What did your outfit cost? Not how much did you pay, but what price did the person who made it pay, what did the price did the planet pay?
This is Fashion Revolution Week - a time when we come together as a global community to create a better fashion industry.
It is now 10 years since the Rana Plaza building in Bangladesh collapsed. More than 1,100 people died and another 2,500 were injured, making it the fourth largest industrial disaster in history. This tragedy led to the Fashion Revolution movement. For many of us it was this disaster that made us sit up and think a bit more about where, and how, are clothes are made.
The Global Network of Fashion Revolutionaries are now working in 75 countries to bring people together to build a vision for radical change. And it is a radical change that is needed!
Far too many people are still buying (literally!) into fast fashion every single day. We get masses of clothes donated to us at the Wardrobe. Should be we pleased that so many of these cheap, often impulse buys, are at least being given a second life? Or should we be dismayed that so many of these garments are still being bought? Make no mistake about it, if we stopped buying cheaper clothes the industry would change.
If the fashion industry were more transparent, would it be harder to ignore what is going on? The more we all highlight the problems, the quicker we will see the change we so desperately want to see.
Weren’t we just saying last week that someone has to be the change. Maybe you will be the one to make the difference?
You can find out all about Fashion Revolution Week and how you can be part of the global community fighting for the human rights of factory workers and an end to the environmental degradation of the fashion industry. In short, holding the fashion industry to account.
While you’re there, why not sign their “Good Clothes, Fair Pay” petition, demanding a living wage for the people who make our clothes.

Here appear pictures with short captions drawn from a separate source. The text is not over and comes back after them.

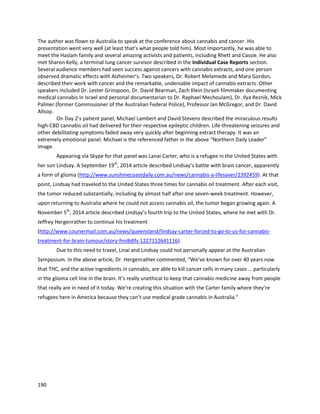 190
StoneyGirl Gardensisa medical collectiveoperatingoutof Oregon (http://gro4me.com).Theywere
brieflymentionedinthe Vice.com interview of Brave Mykayla’sfamily,andappearalongsideMykaylain
the followingAustralianinterviewaswell
(http://au.news.yahoo.com/nsw/video/watch/20712196/cannabis-success-for-young-cancer-patient).
StoneyGirl isrun by Mike MullinsandJeniferValley,the latterof whomovercame terminal thyroid
cancer withcannabisextracttreatment.Theyhave providedcannabisextractmedicinetomany
patients,includingMykayla. Onthe Australiannewsshows,Mike stated,“Ohabsolutelythisdoescure
cancer, we see itdaily.We’ve seenitinhundredsof patients.The childrenrespondextremelywell.”
AuntZelda’sisa California-basedorganizationthatprovidescannabisextractsandconsultswithpatients
on optimal healingprotocols (http://www.azcannaoil.com).ItisheadedbyMara Gordon and Stewart
Smith. Theyare particularlydedicatedtoproperdosingand testingof extractmedicines. The authorhas
spokenwithMara and Stewartat twoconferencesaboutthe successthey’ve seenwithcannabisextract
medicine againstcancerandotherdiseases. The qualityof theirworkhasattractedsignificantattention,
mostnotablyfromRicki Lake,formertalkshow host and star of the original 1988 Hairspray film. Ricki is
currentlyproducingadocumentarycalled Weed thePeople,whichexaminesthe use of cannabis
extractsto treatcancer, particularlyinchildren(https://movies.yahoo.com/news/how-cannabis-can-
save-cancer-striken-kids--an-intro-to--weed-the-people---by-ricki-lake-165741433.html). Mara has also
attendednumerousmedical conferencessharingherremarkableresultswithfivepediatriccancercases,
includingthe twodiscussedbelow.Eachcase is extremelydetailed,withdosage levelsandscanresults.
Beyondanydoubt,cannabistherapymade a difference directlyagainstthe cancersaswell asthe side
effectsof chemotherapy(http://jeffreydachmd.com/wp-
content/uploads/2014/09/Pediatric_Cancers_Medicinal_Cannabis_Oil_Aunt_Zelda_Mara_Gordon.pdf).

Of course, the work doesn’t stop this week. Every week should be Fashion Revolution Week.
Indeed, in some cases it is. There are many people – dare we say, many women - working hard to bring attention to these issues and persuade more of us to change our behaviour and help implement change.
Let’s highlight just two.
SOJO
A clothes repair app to make your clothes last longer. A team of over 20 people is currently working out of London, but the business is ready to expand across the UK. Maybe you can help it grow and receive the recognition it deserves?

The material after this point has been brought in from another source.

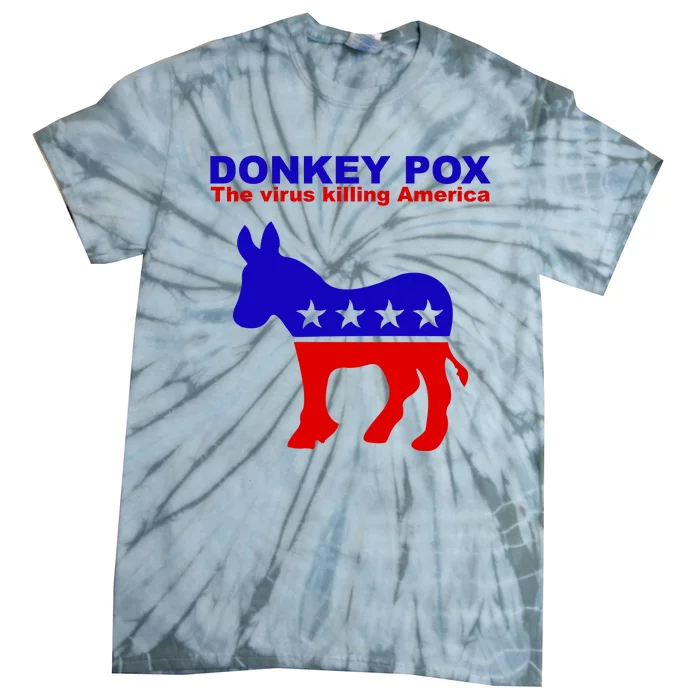 Donkey Pox The Virus Killing America Funny Tie-Dye T-Shirt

We love their values – Fashion doesn’t fit.
Our bodies
Our values
Our planet
Sojo shares our desire to make people value their clothes, and the people who make them and wants to see us all take a slower, more considered approach to what we wear.

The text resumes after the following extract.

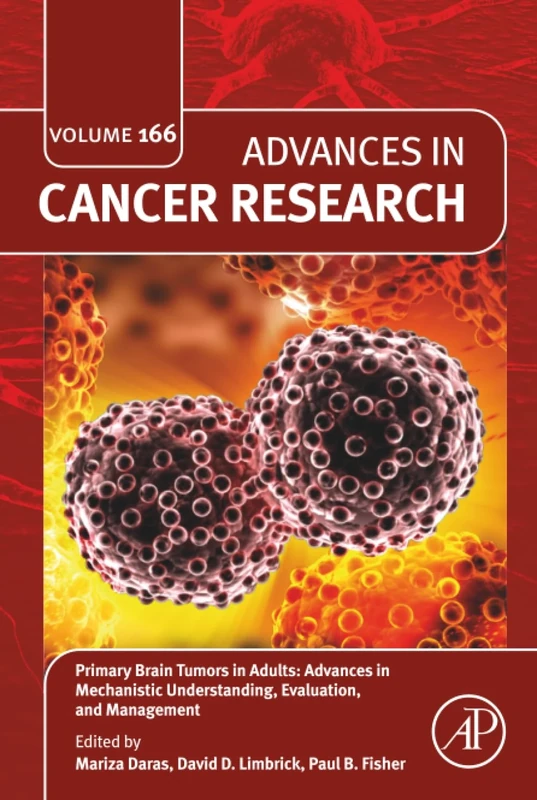 Primary Brain Tumors in Adults: Advances in Mechanistic Understanding, Evaluation, and Management: Volume 166 (Advances in Cancer Research, Volume 166)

Next up, Remember who made them
Introducing a group of concerned feminists with networks in philanthropy, climate activism, the arts and sustainable fashion that wants to see an economy that prioritises the health and wellbeing of workers over corporate profits, cares about the social and environmental impact of the clothes we buy and builds power in the communities in which our clothes are made.
Its mantra? We should always remember the people who made our clothes
If you have time, please click on the links we have given you and get yourself a bit better informed about fast fashion and the problems it brings. There’s still such a long way to go.
When we last checked, Fashion Revolution’s petition – which, after all, is only asking us to confirm that we care enough about our fellow humans to consider them worthy of a living wage – had only 142,924 signatures. Please sign!